*** Data shown ***
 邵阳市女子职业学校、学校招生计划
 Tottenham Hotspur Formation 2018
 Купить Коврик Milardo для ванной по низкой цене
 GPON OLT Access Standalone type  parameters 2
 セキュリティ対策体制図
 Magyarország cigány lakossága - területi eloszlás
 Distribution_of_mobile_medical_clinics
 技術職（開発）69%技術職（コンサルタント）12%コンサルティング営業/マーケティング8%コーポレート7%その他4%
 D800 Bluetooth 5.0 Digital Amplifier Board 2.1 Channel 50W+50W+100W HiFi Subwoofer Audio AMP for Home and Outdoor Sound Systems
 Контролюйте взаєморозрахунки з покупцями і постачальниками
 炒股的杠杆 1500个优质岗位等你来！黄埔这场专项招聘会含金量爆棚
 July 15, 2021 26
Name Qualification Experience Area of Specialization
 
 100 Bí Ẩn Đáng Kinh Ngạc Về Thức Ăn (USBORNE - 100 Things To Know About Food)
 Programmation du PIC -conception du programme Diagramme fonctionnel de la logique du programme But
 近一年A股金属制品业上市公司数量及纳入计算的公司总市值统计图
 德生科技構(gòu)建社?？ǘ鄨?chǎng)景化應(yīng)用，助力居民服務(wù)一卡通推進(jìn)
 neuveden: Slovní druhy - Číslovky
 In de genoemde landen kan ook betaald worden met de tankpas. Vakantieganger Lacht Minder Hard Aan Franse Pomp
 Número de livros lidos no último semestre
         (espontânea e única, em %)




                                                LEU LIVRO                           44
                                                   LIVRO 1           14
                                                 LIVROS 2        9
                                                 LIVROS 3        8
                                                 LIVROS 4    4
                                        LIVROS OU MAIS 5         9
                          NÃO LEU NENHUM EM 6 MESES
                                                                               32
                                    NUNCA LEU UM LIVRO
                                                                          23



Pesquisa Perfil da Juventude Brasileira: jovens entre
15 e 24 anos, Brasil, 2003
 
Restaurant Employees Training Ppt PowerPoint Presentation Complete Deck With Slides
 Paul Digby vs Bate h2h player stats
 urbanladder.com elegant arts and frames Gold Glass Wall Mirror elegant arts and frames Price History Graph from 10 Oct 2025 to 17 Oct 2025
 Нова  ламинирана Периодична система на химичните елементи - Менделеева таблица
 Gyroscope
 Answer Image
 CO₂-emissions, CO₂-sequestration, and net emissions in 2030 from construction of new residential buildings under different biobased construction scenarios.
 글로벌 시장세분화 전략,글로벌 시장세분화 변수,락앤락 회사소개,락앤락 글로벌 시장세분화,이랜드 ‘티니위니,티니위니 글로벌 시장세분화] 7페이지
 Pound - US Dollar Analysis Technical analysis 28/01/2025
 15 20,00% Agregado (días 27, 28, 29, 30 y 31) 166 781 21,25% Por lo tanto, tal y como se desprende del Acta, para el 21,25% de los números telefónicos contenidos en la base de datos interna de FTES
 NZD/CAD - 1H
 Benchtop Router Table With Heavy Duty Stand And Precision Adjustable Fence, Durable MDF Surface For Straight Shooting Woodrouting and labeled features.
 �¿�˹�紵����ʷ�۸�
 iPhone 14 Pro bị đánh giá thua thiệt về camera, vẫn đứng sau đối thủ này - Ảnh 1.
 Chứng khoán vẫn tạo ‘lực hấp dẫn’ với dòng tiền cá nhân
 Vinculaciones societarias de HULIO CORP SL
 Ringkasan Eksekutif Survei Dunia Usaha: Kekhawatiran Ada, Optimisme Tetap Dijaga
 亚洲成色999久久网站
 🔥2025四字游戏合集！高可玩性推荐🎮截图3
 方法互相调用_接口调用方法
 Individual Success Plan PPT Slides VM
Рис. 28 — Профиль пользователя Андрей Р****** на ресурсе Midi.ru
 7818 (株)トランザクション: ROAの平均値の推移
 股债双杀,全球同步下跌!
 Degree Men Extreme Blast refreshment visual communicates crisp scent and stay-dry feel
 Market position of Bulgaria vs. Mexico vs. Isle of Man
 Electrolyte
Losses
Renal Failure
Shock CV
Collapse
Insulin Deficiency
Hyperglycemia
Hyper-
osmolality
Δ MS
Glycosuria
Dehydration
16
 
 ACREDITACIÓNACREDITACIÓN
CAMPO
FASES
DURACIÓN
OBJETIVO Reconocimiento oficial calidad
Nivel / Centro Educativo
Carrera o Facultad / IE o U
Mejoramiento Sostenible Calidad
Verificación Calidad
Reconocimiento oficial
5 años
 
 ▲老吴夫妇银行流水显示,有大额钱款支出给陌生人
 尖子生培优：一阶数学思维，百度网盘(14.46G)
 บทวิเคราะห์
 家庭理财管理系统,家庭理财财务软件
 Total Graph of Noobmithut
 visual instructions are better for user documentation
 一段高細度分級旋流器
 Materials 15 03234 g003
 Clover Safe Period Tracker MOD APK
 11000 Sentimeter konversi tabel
*** End of Data shown ***
» What you have to do
Would you transcribe the entries above exactly as they appear?

» Result of this task
 邵阳市女子职业学校、学校招生计划
 Tottenham Hotspur Formation 2018
 Купить Коврик Milardo для ванной по низкой цене
 GPON OLT Access Standalone type  parameters 2
 セキュリティ対策体制図
 Magyarország cigány lakossága - területi eloszlás
 Distribution_of_mobile_medical_clinics
 技術職（開発）69%技術職（コンサルタント）12%コンサルティング営業/マーケティング8%コーポレート7%その他4%
 D800 Bluetooth 5.0 Digital Amplifier Board 2.1 Channel 50W+50W+100W HiFi Subwoofer Audio AMP for Home and Outdoor Sound Systems
 Контролюйте взаєморозрахунки з покупцями і постачальниками
 炒股的杠杆 1500个优质岗位等你来！黄埔这场专项招聘会含金量爆棚
 July 15, 2021 26
Name Qualification Experience Area of Specialization
 
 100 Bí Ẩn Đáng Kinh Ngạc Về Thức Ăn (USBORNE - 100 Things To Know About Food)
 Programmation du PIC -conception du programme Diagramme fonctionnel de la logique du programme But
 近一年A股金属制品业上市公司数量及纳入计算的公司总市值统计图
 德生科技構(gòu)建社?？ǘ鄨?chǎng)景化應(yīng)用，助力居民服務(wù)一卡通推進(jìn)
 neuveden: Slovní druhy - Číslovky
 In de genoemde landen kan ook betaald worden met de tankpas. Vakantieganger Lacht Minder Hard Aan Franse Pomp
 Número de livros lidos no último semestre
         (espontânea e única, em %)




                                                LEU LIVRO                           44
                                                   LIVRO 1           14
                                                 LIVROS 2        9
                                                 LIVROS 3        8
                                                 LIVROS 4    4
                                        LIVROS OU MAIS 5         9
                          NÃO LEU NENHUM EM 6 MESES
                                                                               32
                                    NUNCA LEU UM LIVRO
                                                                          23



Pesquisa Perfil da Juventude Brasileira: jovens entre
15 e 24 anos, Brasil, 2003
 
Restaurant Employees Training Ppt PowerPoint Presentation Complete Deck With Slides
 Paul Digby vs Bate h2h player stats
 urbanladder.com elegant arts and frames Gold Glass Wall Mirror elegant arts and frames Price History Graph from 10 Oct 2025 to 17 Oct 2025
 Нова  ламинирана Периодична система на химичните елементи - Менделеева таблица
 Gyroscope
 Answer Image
 CO₂-emissions, CO₂-sequestration, and net emissions in 2030 from construction of new residential buildings under different biobased construction scenarios.
 글로벌 시장세분화 전략,글로벌 시장세분화 변수,락앤락 회사소개,락앤락 글로벌 시장세분화,이랜드 ‘티니위니,티니위니 글로벌 시장세분화] 7페이지
 Pound - US Dollar Analysis Technical analysis 28/01/2025
 15 20,00% Agregado (días 27, 28, 29, 30 y 31) 166 781 21,25% Por lo tanto, tal y como se desprende del Acta, para el 21,25% de los números telefónicos contenidos en la base de datos interna de FTES
 NZD/CAD - 1H
 Benchtop Router Table With Heavy Duty Stand And Precision Adjustable Fence, Durable MDF Surface For Straight Shooting Woodrouting and labeled features.
 �¿�˹�紵����ʷ�۸�
 iPhone 14 Pro bị đánh giá thua thiệt về camera, vẫn đứng sau đối thủ này - Ảnh 1.
 Chứng khoán vẫn tạo ‘lực hấp dẫn’ với dòng tiền cá nhân
 Vinculaciones societarias de HULIO CORP SL
 Ringkasan Eksekutif Survei Dunia Usaha: Kekhawatiran Ada, Optimisme Tetap Dijaga
 亚洲成色999久久网站
 🔥2025四字游戏合集！高可玩性推荐🎮截图3
 方法互相调用_接口调用方法
 Individual Success Plan PPT Slides VM
Рис. 28 — Профиль пользователя Андрей Р****** на ресурсе Midi.ru
 7818 (株)トランザクション: ROAの平均値の推移
 股债双杀,全球同步下跌!
 Degree Men Extreme Blast refreshment visual communicates crisp scent and stay-dry feel
 Market position of Bulgaria vs. Mexico vs. Isle of Man
 Electrolyte
Losses
Renal Failure
Shock CV
Collapse
Insulin Deficiency
Hyperglycemia
Hyper-
osmolality
Δ MS
Glycosuria
Dehydration
16
 
 ACREDITACIÓNACREDITACIÓN
CAMPO
FASES
DURACIÓN
OBJETIVO Reconocimiento oficial calidad
Nivel / Centro Educativo
Carrera o Facultad / IE o U
Mejoramiento Sostenible Calidad
Verificación Calidad
Reconocimiento oficial
5 años
 
 ▲老吴夫妇银行流水显示,有大额钱款支出给陌生人
 尖子生培优：一阶数学思维，百度网盘(14.46G)
 บทวิเคราะห์
 家庭理财管理系统,家庭理财财务软件
 Total Graph of Noobmithut
 visual instructions are better for user documentation
 一段高細度分級旋流器
 Materials 15 03234 g003
 Clover Safe Period Tracker MOD APK
 11000 Sentimeter konversi tabel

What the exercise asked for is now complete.